- [Aim of the task] All lines below are to be transcribed exactly.

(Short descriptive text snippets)
·····
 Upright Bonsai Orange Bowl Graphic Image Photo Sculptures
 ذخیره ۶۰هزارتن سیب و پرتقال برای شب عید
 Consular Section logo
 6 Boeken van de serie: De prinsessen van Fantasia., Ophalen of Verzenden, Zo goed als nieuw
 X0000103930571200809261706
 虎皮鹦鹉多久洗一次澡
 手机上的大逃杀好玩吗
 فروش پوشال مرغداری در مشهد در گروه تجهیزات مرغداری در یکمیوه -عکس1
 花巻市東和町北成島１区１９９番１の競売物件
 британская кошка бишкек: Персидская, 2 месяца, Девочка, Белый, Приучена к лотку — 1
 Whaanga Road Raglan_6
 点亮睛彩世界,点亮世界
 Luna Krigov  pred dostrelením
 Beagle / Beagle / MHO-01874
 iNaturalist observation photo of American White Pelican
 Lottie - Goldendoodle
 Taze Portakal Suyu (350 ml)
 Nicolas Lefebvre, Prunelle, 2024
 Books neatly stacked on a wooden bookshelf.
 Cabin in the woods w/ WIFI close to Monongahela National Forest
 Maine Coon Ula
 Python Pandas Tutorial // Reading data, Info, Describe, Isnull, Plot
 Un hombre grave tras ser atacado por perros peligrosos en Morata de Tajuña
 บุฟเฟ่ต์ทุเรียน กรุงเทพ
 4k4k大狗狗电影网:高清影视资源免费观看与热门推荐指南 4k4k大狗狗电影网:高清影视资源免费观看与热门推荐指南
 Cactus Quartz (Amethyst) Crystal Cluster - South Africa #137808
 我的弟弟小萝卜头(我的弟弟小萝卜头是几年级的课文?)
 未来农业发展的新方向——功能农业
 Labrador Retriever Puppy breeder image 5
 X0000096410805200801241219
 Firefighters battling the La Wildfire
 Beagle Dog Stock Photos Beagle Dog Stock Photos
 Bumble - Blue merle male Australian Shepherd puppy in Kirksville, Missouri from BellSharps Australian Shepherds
·····
- [Response area]
 Upright Bonsai Orange Bowl Graphic Image Photo Sculptures
 ذخیره ۶۰هزارتن سیب و پرتقال برای شب عید
 Consular Section logo
 6 Boeken van de serie: De prinsessen van Fantasia., Ophalen of Verzenden, Zo goed als nieuw
 X0000103930571200809261706
 虎皮鹦鹉多久洗一次澡
 手机上的大逃杀好玩吗
 فروش پوشال مرغداری در مشهد در گروه تجهیزات مرغداری در یکمیوه -عکس1
 花巻市東和町北成島１区１９９番１の競売物件
 британская кошка бишкек: Персидская, 2 месяца, Девочка, Белый, Приучена к лотку — 1
 Whaanga Road Raglan_6
 点亮睛彩世界,点亮世界
 Luna Krigov  pred dostrelením
 Beagle / Beagle / MHO-01874
 iNaturalist observation photo of American White Pelican
 Lottie - Goldendoodle
 Taze Portakal Suyu (350 ml)
 Nicolas Lefebvre, Prunelle, 2024
 Books neatly stacked on a wooden bookshelf.
 Cabin in the woods w/ WIFI close to Monongahela National Forest
 Maine Coon Ula
 Python Pandas Tutorial // Reading data, Info, Describe, Isnull, Plot
 Un hombre grave tras ser atacado por perros peligrosos en Morata de Tajuña
 บุฟเฟ่ต์ทุเรียน กรุงเทพ
 4k4k大狗狗电影网:高清影视资源免费观看与热门推荐指南 4k4k大狗狗电影网:高清影视资源免费观看与热门推荐指南
 Cactus Quartz (Amethyst) Crystal Cluster - South Africa #137808
 我的弟弟小萝卜头(我的弟弟小萝卜头是几年级的课文?)
 未来农业发展的新方向——功能农业
 Labrador Retriever Puppy breeder image 5
 X0000096410805200801241219
 Firefighters battling the La Wildfire
 Beagle Dog Stock Photos Beagle Dog Stock Photos
 Bumble - Blue merle male Australian Shepherd puppy in Kirksville, Missouri from BellSharps Australian Shepherds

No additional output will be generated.